10 Ways To Prove To Your Church That You’re Totally Fine With Being Single 

"Arrive with ashes on your head, leave while pouring out all kinds of oil all over the church."

Your singleness can become a giant strain on your church family. Year after miserable year, your friends and family will try to match you up with a variety of interesting characters that are absolutely not marriage material. Put and end to it! Here are ten ways to prove to your church that you’re cool with being single.

1. Leave A Long Trail Of Purity Rings Behind You As You Meander Through The Church Building

Your trail of purity rings will paint a beautiful portrait for everyone: you are content to remain single for the rest of your life. Because of those buckets and buckets of rings that you have emptied out behind you from the entrance, to your Sunday School, to your pew —  everyone will acknowledge with one voice that no matter what happens, you view your singleness as an asset to your ministry.
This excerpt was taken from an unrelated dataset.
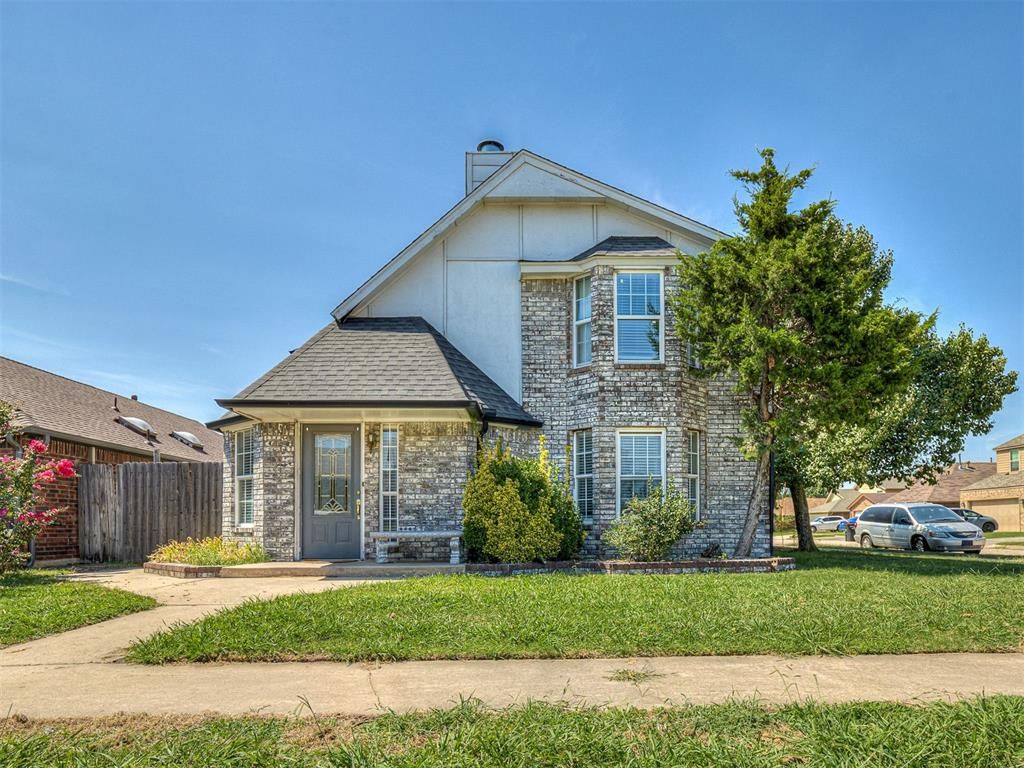 2101 Westmore Drive, Moore, OK 73170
2. Never Speak A Declarative Sentence To Your Fellow Church-Goers

By rejecting declarative sentences whole-sale, your church body will acknowledge and agree that you are totally fine without a significant other.
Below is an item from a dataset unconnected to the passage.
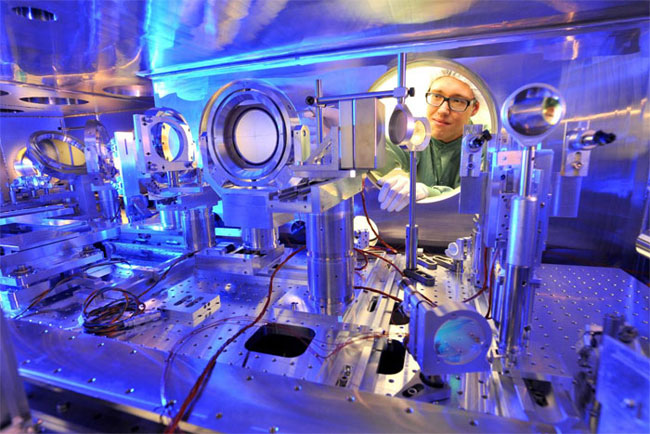 Physicists at Helmholtz-Zentrum Dresden-Rossendorf discover optimum conditions for laser plasma acceleration.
3. Rent A Clown Of The Opposite Gender And Publicly Rebuke Him Or Her During Worship Time

This poor clown will feel your wrath, but you will leave a lasting impression on your brothers and sisters: “I am okay being single.”

4. Arrive For Sunday School Covered In Sacloth And Ashes, But Leave The Church Pouring Oils Of Gladness All Over The Place

You feel what we’re laying down — arrive with ashes on your head, leave while pouring out all kinds of oil all over the church. We don’t even care what oil you choose, just do this and you’ll never be bothered again by some jerk who wants to match you up with someone totally not your type.
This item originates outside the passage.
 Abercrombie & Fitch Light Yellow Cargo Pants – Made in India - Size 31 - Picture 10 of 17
5. Respectfully Clap After Any Mention Of The Words “One,” “Single,” “Self,” or “Only,” Along With Their Cognates

This will reinforce your stance on singleness.

6. Tatoo 1 Corinthians 7 Onto The Tops Of Your Hands

The font will have to be very small. Our friend Milt Ja’Crispy tried this and it basically just looks like a giant glob of black ink, but it is effective.

7. Bring A Single Bowl Of Soup For Yourself At The Next Church Potluck

You don’t need someone else to make soup for you.

8. Blow “The Airhorn Of Contentment” While Being Introduced To Someone Of The Opposite Gender

Letting out a long toot from “The Airhorn of Contentment” will demonstrate to everyone within a half-mile radius that you do not need anyone.

9. Attempt A Reboot Of Nickelodeon’s Legends Of The Hidden Temple

Legends of the Hidden Temple is an American action-adventure game show that aired from 1993 to 1995 on Nickelodeon. The program centered on a temple that was “filled with lost treasures protected by mysterious Mayan temple guards.” Kirk Fogg was the host and served as the teams’ guide, while Dee Bradley Baker announced and voiced a talking Olmec who “knows the secrets behind each of the treasures in his temple”. Six teams of two children (one boy and one girl) competed to retrieve one of the historical artifacts in the temple by performing physical stunts and answering questions based on history, mythology, and geography.

10. Hand Out Mixtapes Of Names You Have Compiled Of Handsome Men Or Women That You Most Certainly Will Not Be Pursuing For Courtship

Phillip, Prescence, Ranquid, Philopia, Trantishion, Clad, Glad, Morstin, Forsh, and Orphan will certainly be included within this mixtape.